報道によると、2000年に「ポケットモンスター」のポケモン「ユンゲラー」が、自身のイメージから盗用されているとして、任天堂を相手取って使用禁止を求める訴えを起こしていたユリ・ゲラー氏。ユンゲラーといえば、いわゆる「ねんりきポケモン」の一種で、その手には銀色のスプーンが握られている。確かにそのネーミングにくわえて念力の能力、さらに手には「スプーン曲げ」を想起させるスプーンとあれば、まさしくユリ・ゲラーから連想されたものなのは明らかだろう。
ユリ・ゲラー氏は、ユンゲラーが頭痛を引き起こす存在であることや、また腹部に描かれたマークがナチス親衛隊のものと似ていることなどを挙げて、これらが自身のイメージ悪化に繋がっているとして、アメリカ・ロサンゼルスにて約100億円の損害賠償を求めて提訴。
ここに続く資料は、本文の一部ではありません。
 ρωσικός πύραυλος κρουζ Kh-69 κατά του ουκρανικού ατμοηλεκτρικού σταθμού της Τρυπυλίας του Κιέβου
ただ、その訴えは当地での訴訟の要件を満たしていないとされて、敗訴になっている。
そもそも、ユンゲラーという名を使っていたのは日本国内だけで、海外では「Kadabra」という名が使われているから、というのもあったようだが、とはいえそれ以降も任天堂は、ユンゲラーという名の用いた商品の展開を控えるなど、ユリ・ゲラー氏と任天堂の間にしこりが残る形となっていた。
ユリ・ゲラー氏本人がTwitterで宣言
当時、大いに話題になったユリ・ゲラー氏の訴えだったが、その後は20年に渡ってこれといった進展はなかったように見られた。ところがここに来て突然、ユリ・ゲラー氏は自身のTwitterを更新し、ユンゲラーの名称使用禁止の要請を取り下げたと発表したのだ。
I am truly sorry for what I did 20 years ago. Kids and grownups I am releasing the ban. It’s now all up to #Nintendo to bring my #kadabra #pokemon card back.
It will probably be one of the rarest cards now! Much energy and love to all!https://t.co/Rv1aJFlIKS pic.twitter.com/5zDMX5S8WA— Uri Geller (@TheUriGeller) November 28, 2020
ユリ・ゲラー氏はさらに、動画付きのツイートも公開。
I never realized how powerful and important it was for me to lift the ban on Yungeller/Kadabra, especially for all the kids around the world!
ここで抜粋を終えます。